"""

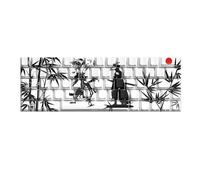 MISUVRSE 64/74 styles de touches avec hauteur d'origine, impression latérale, rétroéclairage, capuchons de touches par sublimation de couleur pour claviers mécaniques, styles de capuchons de touches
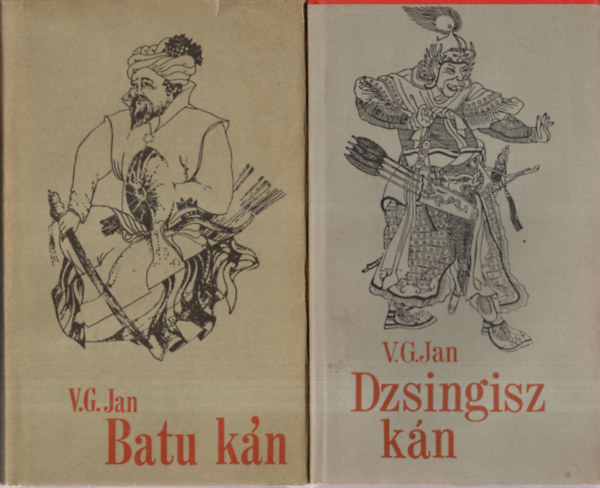 2 db V. G. Jan ktet: Batu kn - Dzsingisz kn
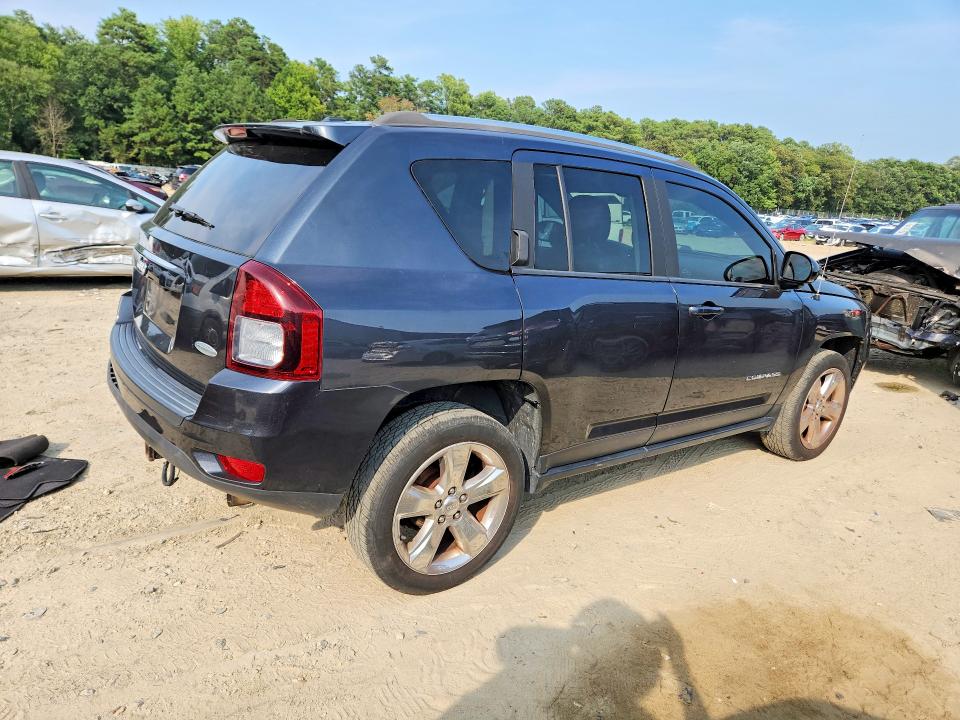 Photo 3 from auction – 2015 JEEP COMPASS with VIN 1C4NJDEB1FD169465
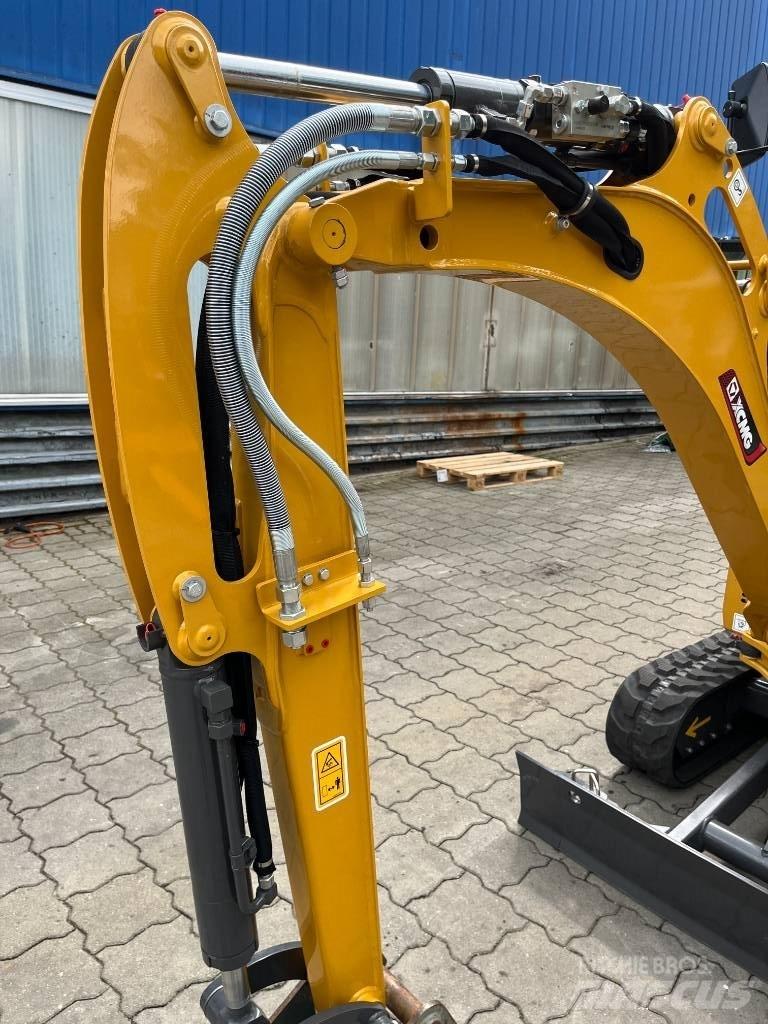 XCMG XE20 E PRO Minikoparki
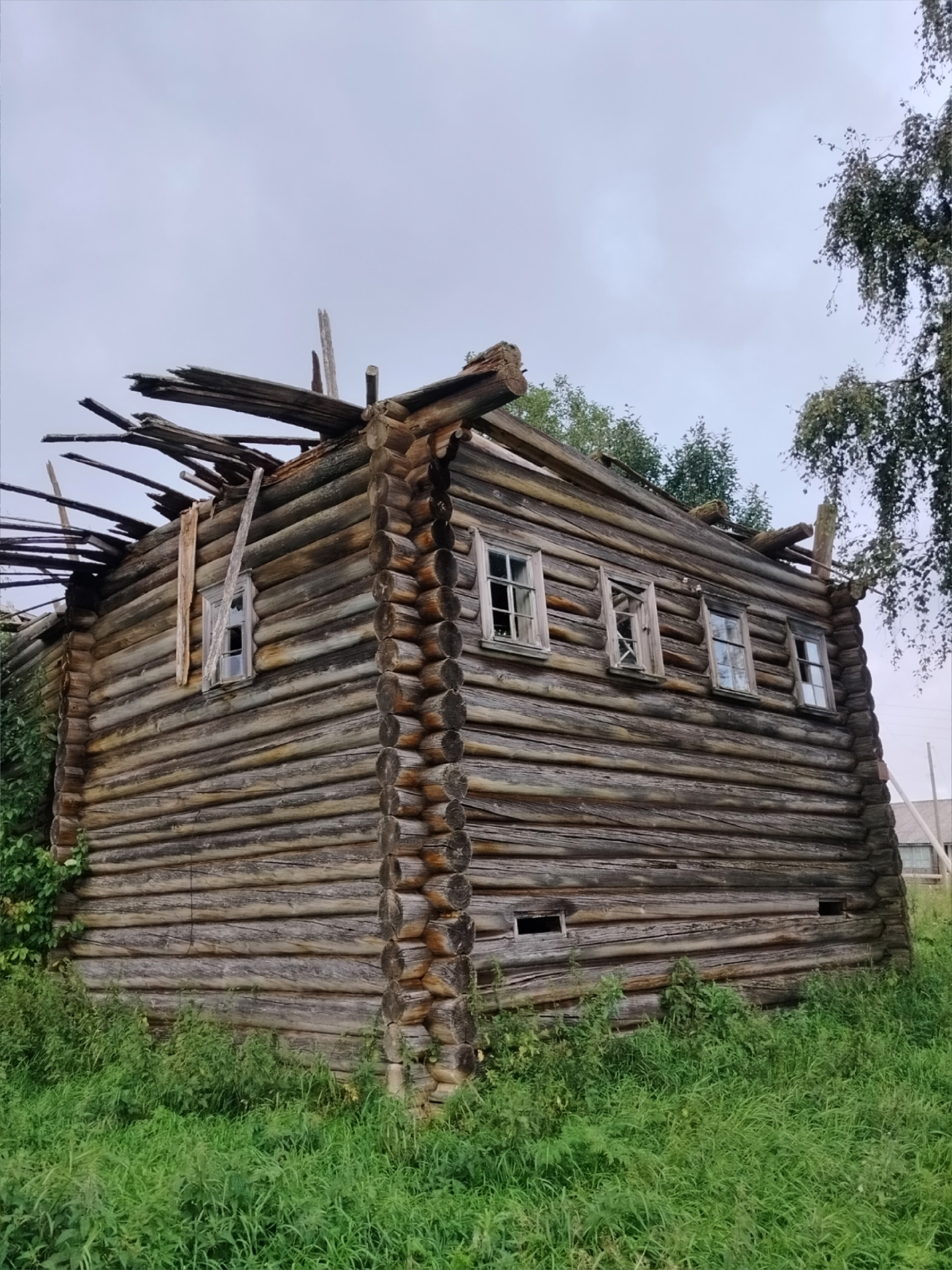 Вид на деревня Верховье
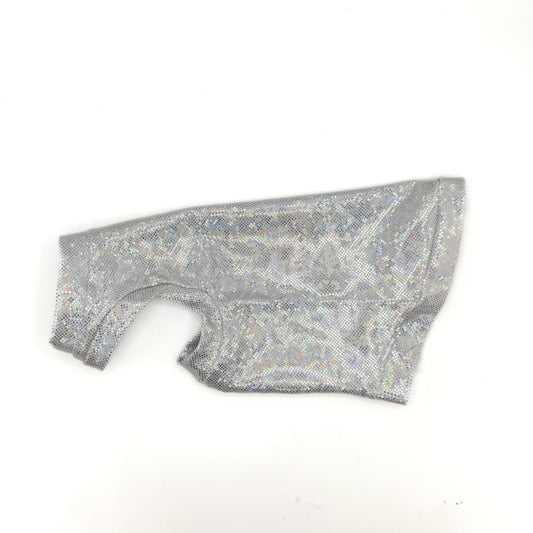 Silver Lining Fashion Shirt with One Arm Hole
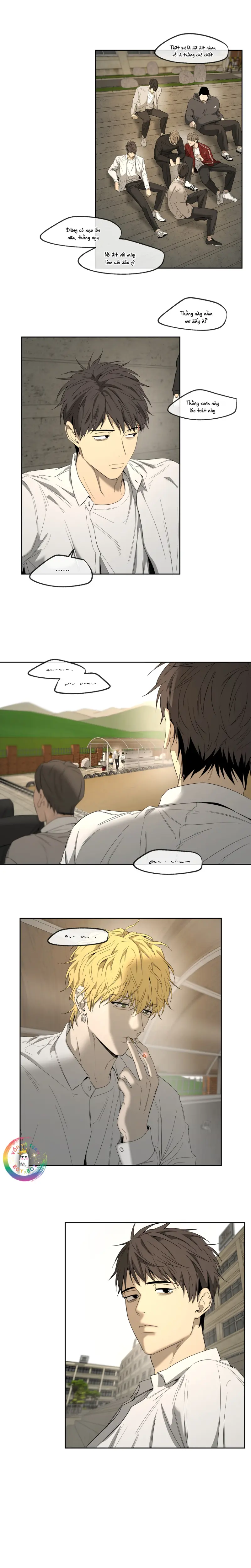 Tôi và Yang Il-woo Chapter 13 Trang 16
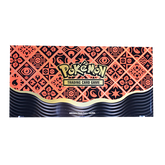 Pokemon Paldean Fates Red Magnetic Three Card Protector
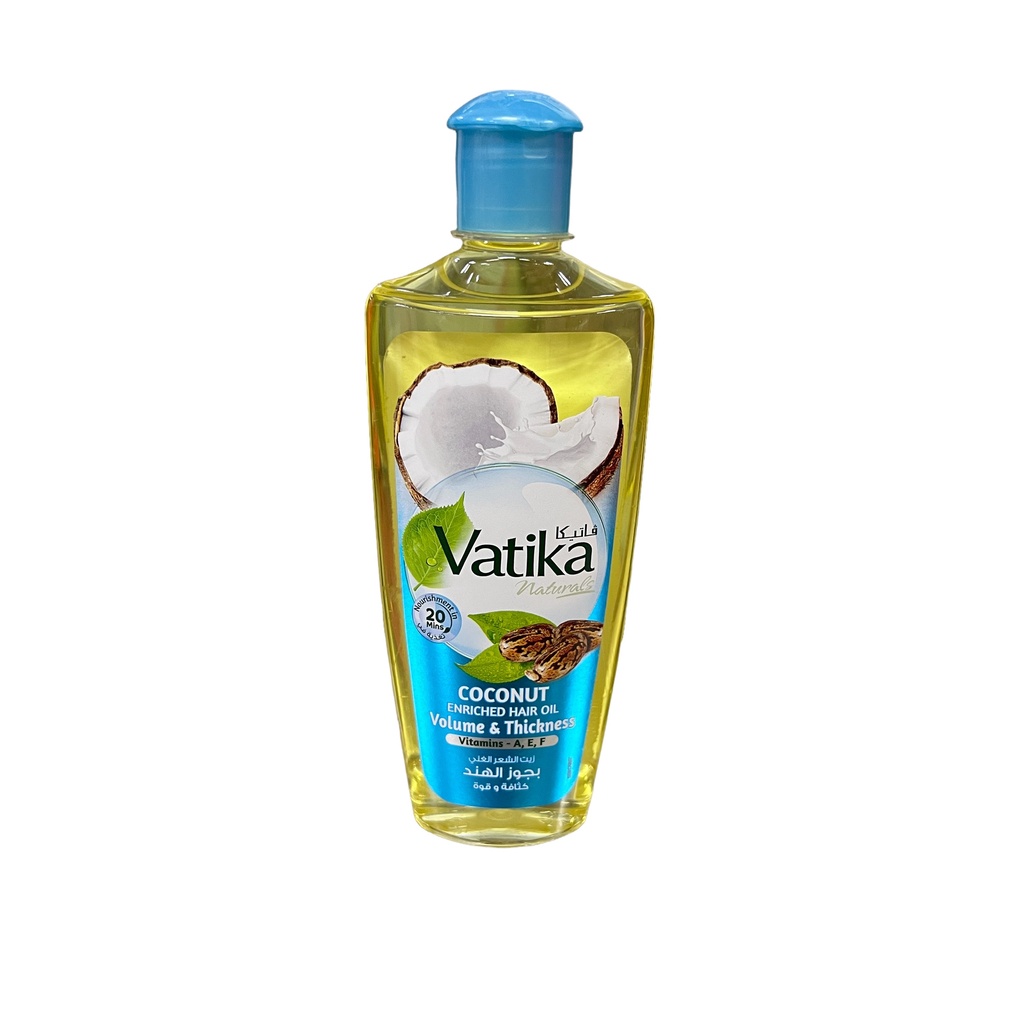 VATIKA COCONUT HAIR OIL ENRICHED WITH VITAMIN Shopee Singapore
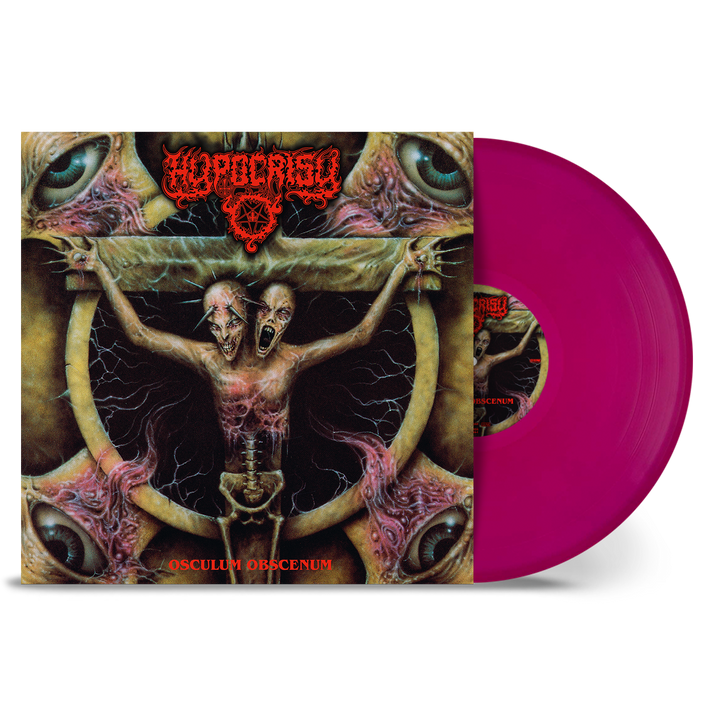 Hypocrisy 'Osculum Obscenum' LP Purple Vinyl
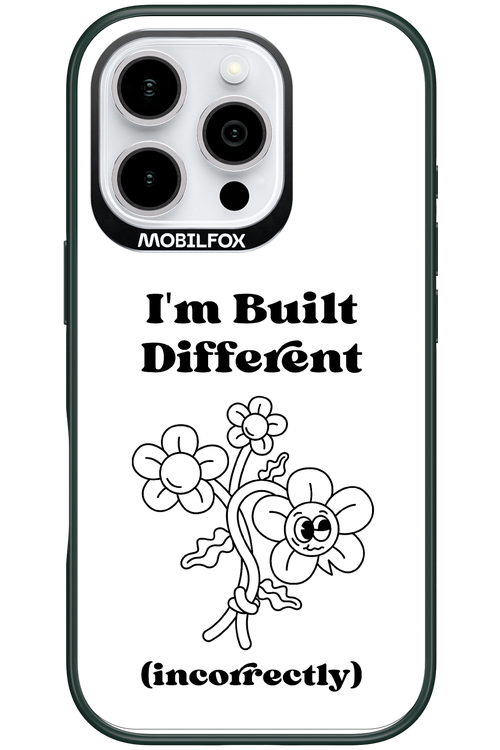 Incorrect Transparent - Apple iPhone 16 Pro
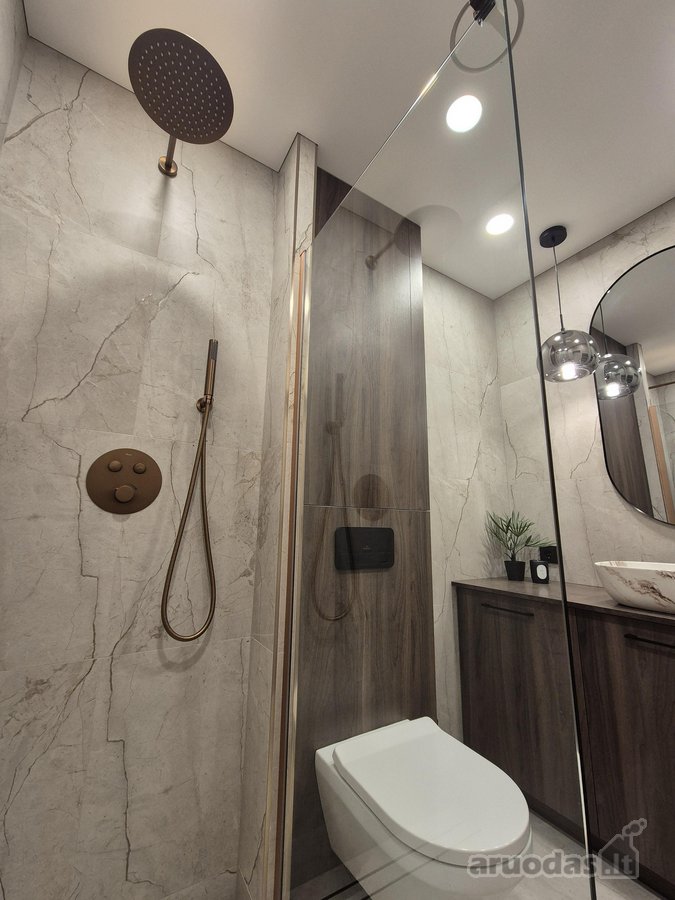 Išskirtinis, Kokybiškai Įrengtas 42 m² Butas - nuotraukos Nr. 9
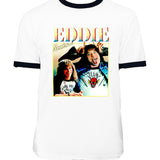 Hellfire Club Shirt Hellfire Club Letter Print T-shirt Short Sleeve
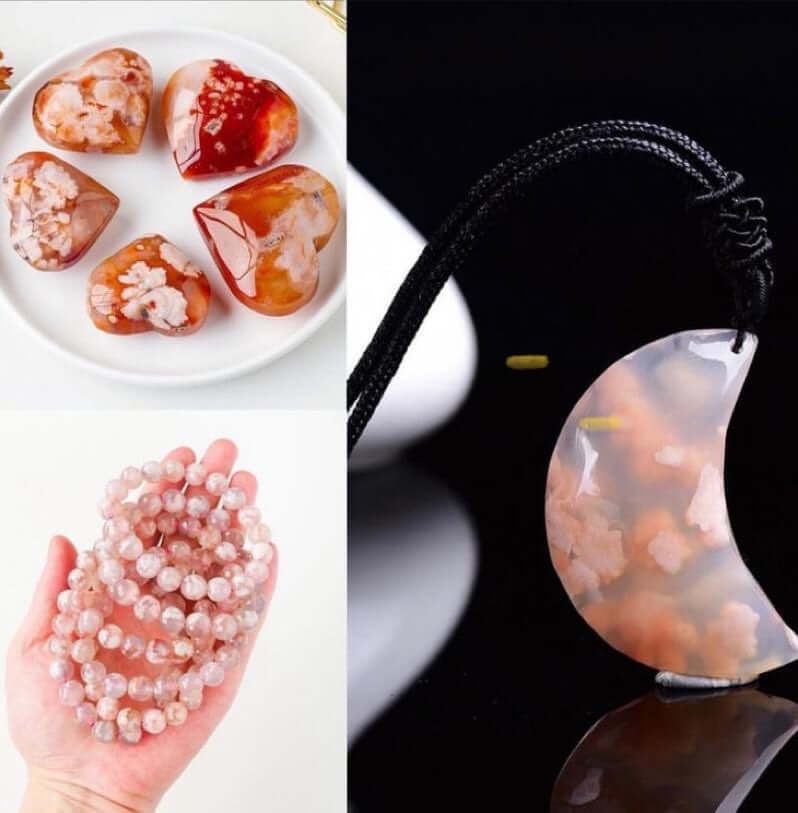 Crystal and Gemstone Jewellery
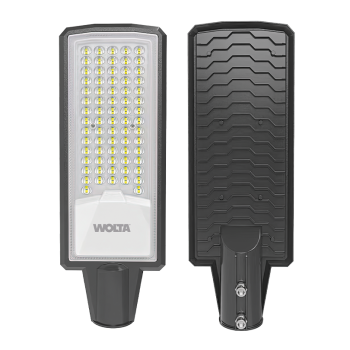 Светильник консольный диодный 150Вт 15000Лм 5700К IP65 Ø48-60мм Wolta (10)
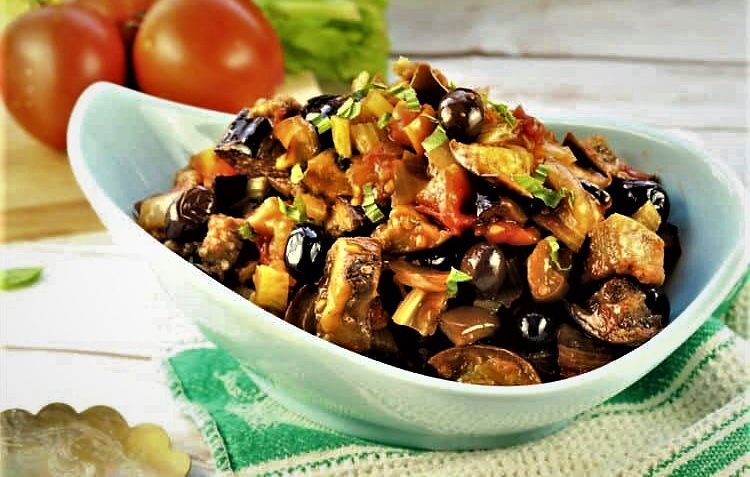 آموزش صفرتاصد خوراک یادمجان و قارچ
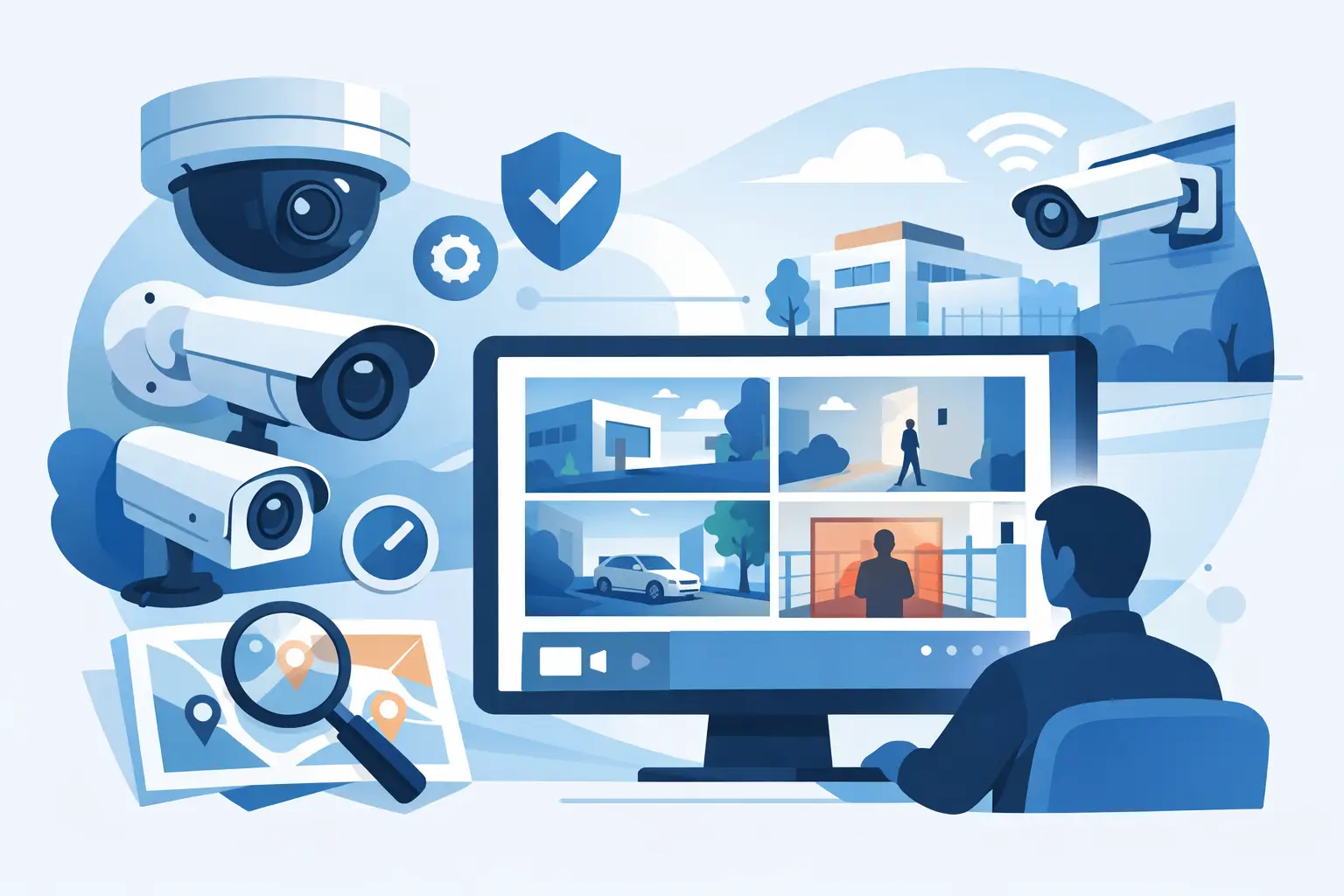 How to Choose CCTV Cameras for Your Site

"""

• INSTRUCTIONS FOR THE TASK:
The lines to reproduce run from the line containing "Silver Lining Fashion" through the last line of the records above, both included. Copy them exactly and drop the pictures.

• RESPONSE TO THIS TASK:
 Silver Lining Fashion Shirt with One Arm Hole
 Tôi và Yang Il-woo Chapter 13 Trang 16
 Pokemon Paldean Fates Red Magnetic Three Card Protector
 VATIKA COCONUT HAIR OIL ENRICHED WITH VITAMIN Shopee Singapore
 Hypocrisy 'Osculum Obscenum' LP Purple Vinyl
 Incorrect Transparent - Apple iPhone 16 Pro
 Išskirtinis, Kokybiškai Įrengtas 42 m² Butas - nuotraukos Nr. 9
 Hellfire Club Shirt Hellfire Club Letter Print T-shirt Short Sleeve
 Crystal and Gemstone Jewellery
 Светильник консольный диодный 150Вт 15000Лм 5700К IP65 Ø48-60мм Wolta (10)
 آموزش صفرتاصد خوراک یادمجان و قارچ
 How to Choose CCTV Cameras for Your Site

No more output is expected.